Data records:
* * * *

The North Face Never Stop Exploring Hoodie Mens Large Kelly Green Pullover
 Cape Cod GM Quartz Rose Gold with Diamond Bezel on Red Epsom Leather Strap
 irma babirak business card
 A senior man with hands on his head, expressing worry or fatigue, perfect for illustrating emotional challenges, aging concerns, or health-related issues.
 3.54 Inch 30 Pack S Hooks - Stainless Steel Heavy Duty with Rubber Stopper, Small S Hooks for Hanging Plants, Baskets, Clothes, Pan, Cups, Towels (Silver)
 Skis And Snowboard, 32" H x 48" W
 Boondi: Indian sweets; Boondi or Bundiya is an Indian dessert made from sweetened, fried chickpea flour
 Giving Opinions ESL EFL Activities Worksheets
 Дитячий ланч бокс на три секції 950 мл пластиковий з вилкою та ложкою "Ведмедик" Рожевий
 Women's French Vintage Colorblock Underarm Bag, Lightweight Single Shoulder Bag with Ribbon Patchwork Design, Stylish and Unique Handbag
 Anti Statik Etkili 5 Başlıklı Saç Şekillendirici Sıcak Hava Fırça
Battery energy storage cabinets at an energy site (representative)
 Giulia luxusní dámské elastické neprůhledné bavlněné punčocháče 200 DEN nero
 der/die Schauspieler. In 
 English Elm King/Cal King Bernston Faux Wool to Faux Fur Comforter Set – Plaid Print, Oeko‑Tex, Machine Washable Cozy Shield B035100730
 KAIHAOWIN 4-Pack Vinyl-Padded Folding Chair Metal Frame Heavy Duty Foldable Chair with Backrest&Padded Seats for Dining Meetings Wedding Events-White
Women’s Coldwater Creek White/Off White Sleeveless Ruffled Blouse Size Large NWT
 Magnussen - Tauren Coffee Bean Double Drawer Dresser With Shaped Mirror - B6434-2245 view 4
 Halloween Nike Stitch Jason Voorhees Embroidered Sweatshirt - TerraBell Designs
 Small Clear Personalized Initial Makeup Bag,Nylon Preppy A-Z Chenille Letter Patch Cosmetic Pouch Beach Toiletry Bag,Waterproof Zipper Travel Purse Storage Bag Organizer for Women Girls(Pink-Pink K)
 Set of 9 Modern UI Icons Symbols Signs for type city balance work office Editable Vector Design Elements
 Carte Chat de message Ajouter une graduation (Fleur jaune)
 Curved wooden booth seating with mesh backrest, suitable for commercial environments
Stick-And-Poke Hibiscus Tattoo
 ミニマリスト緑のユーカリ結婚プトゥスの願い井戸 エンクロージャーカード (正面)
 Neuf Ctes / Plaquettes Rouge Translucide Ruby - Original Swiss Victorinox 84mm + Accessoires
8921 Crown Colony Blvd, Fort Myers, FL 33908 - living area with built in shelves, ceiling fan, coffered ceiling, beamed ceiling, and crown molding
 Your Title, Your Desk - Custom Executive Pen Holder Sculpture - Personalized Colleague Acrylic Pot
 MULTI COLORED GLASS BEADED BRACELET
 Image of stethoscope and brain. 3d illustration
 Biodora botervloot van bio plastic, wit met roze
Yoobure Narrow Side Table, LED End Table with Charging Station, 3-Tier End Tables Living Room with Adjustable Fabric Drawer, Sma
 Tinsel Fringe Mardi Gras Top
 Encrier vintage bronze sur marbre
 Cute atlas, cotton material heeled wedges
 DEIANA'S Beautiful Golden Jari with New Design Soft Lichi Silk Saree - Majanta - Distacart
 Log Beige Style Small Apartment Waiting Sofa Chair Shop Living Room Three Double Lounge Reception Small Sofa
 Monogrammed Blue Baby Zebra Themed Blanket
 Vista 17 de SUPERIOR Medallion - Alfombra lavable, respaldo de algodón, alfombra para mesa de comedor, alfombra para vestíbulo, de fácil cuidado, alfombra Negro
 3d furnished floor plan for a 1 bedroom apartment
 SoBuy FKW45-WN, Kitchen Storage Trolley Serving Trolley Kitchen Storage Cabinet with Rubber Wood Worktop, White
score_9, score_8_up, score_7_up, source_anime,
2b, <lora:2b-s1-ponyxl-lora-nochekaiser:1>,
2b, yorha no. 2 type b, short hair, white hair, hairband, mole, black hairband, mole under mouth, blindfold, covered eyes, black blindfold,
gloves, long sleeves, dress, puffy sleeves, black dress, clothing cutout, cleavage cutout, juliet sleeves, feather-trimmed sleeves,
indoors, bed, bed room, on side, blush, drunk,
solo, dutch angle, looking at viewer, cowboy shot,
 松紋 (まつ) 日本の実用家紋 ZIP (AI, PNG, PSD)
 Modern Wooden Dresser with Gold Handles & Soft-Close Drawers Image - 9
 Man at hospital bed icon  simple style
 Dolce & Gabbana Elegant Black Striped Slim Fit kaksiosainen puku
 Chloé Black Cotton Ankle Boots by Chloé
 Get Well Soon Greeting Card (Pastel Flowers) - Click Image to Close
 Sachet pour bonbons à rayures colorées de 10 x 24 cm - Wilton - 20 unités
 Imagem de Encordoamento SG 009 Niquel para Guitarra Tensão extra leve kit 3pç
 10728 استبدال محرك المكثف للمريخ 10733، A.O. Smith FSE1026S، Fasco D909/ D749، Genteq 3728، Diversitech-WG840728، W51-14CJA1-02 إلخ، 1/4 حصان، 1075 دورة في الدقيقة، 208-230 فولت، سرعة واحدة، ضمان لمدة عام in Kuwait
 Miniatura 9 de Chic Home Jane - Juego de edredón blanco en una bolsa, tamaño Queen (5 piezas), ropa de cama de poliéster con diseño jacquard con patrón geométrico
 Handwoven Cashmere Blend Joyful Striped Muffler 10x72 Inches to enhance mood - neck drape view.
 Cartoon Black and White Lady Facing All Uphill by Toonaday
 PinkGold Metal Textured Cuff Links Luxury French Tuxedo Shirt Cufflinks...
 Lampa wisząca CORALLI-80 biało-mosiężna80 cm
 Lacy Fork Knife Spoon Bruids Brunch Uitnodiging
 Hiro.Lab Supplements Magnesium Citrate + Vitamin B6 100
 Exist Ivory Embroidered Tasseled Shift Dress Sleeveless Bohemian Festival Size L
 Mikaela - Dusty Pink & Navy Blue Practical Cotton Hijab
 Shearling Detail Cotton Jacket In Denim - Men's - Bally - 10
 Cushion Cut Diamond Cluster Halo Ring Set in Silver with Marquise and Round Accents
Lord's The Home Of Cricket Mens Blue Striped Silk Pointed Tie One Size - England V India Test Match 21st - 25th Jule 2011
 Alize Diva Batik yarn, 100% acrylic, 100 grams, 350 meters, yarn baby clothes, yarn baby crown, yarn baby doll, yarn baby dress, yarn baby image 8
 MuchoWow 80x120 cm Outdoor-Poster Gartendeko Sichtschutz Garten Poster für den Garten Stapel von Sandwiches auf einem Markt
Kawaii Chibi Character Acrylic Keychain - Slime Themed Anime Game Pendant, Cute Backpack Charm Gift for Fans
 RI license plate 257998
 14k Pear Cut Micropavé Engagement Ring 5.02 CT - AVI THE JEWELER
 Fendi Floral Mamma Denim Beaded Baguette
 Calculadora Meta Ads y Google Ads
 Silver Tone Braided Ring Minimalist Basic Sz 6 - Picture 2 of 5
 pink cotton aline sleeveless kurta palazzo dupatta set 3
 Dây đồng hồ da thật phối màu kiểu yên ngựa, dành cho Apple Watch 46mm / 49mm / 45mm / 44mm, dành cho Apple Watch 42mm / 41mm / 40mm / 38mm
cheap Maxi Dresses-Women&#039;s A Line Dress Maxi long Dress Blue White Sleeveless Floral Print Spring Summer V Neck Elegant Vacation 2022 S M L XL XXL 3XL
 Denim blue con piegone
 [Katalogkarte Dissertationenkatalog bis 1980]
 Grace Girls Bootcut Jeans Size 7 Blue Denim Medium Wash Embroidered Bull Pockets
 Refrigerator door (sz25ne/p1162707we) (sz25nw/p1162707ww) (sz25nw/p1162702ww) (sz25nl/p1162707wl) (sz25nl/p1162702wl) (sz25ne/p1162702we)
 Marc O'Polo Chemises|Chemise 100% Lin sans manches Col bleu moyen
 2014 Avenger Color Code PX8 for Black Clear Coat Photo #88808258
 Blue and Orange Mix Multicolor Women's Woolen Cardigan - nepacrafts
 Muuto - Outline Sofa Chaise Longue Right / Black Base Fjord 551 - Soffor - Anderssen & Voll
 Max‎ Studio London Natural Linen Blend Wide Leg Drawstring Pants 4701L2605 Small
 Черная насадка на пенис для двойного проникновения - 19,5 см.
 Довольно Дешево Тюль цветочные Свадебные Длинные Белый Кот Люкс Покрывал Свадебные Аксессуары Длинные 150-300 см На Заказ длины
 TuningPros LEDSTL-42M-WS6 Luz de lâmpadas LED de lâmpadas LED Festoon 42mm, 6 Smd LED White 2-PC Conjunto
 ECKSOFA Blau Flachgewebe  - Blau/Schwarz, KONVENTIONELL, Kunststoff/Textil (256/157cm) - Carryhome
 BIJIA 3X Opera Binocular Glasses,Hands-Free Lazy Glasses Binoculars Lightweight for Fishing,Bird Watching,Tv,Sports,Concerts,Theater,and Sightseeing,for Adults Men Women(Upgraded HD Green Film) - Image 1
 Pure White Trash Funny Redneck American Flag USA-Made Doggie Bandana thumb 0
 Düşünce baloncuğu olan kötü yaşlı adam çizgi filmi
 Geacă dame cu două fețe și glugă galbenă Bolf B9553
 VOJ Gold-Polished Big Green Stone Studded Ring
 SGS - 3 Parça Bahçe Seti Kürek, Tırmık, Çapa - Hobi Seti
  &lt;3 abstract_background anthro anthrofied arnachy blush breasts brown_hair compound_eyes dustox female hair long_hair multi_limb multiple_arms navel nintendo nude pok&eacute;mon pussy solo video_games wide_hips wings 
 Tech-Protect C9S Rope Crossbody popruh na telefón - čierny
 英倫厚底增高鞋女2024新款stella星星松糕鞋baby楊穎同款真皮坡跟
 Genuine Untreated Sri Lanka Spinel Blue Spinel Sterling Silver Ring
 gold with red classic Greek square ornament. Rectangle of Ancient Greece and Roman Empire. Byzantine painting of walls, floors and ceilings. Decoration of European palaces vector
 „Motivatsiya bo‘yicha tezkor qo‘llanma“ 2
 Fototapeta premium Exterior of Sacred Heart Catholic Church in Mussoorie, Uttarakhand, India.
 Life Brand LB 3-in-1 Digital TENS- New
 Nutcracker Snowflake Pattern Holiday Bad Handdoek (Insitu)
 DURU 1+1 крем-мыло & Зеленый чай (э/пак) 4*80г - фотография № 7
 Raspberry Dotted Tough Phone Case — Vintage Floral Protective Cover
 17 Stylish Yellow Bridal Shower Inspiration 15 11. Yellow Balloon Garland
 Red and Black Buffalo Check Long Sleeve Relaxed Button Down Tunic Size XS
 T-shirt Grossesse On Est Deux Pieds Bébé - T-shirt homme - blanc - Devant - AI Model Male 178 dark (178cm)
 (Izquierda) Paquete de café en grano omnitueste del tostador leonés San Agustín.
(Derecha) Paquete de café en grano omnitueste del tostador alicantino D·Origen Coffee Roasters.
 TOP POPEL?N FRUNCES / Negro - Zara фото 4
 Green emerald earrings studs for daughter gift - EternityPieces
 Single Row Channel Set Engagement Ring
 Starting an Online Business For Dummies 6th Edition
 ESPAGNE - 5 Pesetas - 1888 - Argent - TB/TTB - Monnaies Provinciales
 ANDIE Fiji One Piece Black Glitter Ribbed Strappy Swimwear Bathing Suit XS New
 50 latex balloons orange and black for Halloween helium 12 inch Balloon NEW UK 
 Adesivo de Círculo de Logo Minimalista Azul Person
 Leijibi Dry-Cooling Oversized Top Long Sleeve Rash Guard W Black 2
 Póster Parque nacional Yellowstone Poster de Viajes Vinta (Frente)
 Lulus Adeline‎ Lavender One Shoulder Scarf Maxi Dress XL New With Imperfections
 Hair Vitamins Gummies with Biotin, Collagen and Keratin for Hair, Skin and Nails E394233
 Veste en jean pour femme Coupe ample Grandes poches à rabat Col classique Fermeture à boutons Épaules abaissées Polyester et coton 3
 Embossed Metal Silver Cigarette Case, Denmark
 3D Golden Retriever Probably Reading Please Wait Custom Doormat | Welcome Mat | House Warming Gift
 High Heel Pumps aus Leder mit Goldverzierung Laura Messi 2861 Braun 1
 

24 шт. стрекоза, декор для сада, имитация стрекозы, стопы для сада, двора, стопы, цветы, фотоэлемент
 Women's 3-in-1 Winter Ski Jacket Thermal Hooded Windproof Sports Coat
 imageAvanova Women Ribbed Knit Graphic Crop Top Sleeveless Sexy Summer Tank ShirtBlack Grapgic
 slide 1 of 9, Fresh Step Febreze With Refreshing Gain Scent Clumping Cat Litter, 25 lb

* * * *

■ TASK
Please reproduce exactly the lines above, beginning with the first and ending with the line that contains "irma babirak business card", and include nothing outside that range.

■ SOLUTION TO THIS TASK
The North Face Never Stop Exploring Hoodie Mens Large Kelly Green Pullover
 Cape Cod GM Quartz Rose Gold with Diamond Bezel on Red Epsom Leather Strap
 irma babirak business card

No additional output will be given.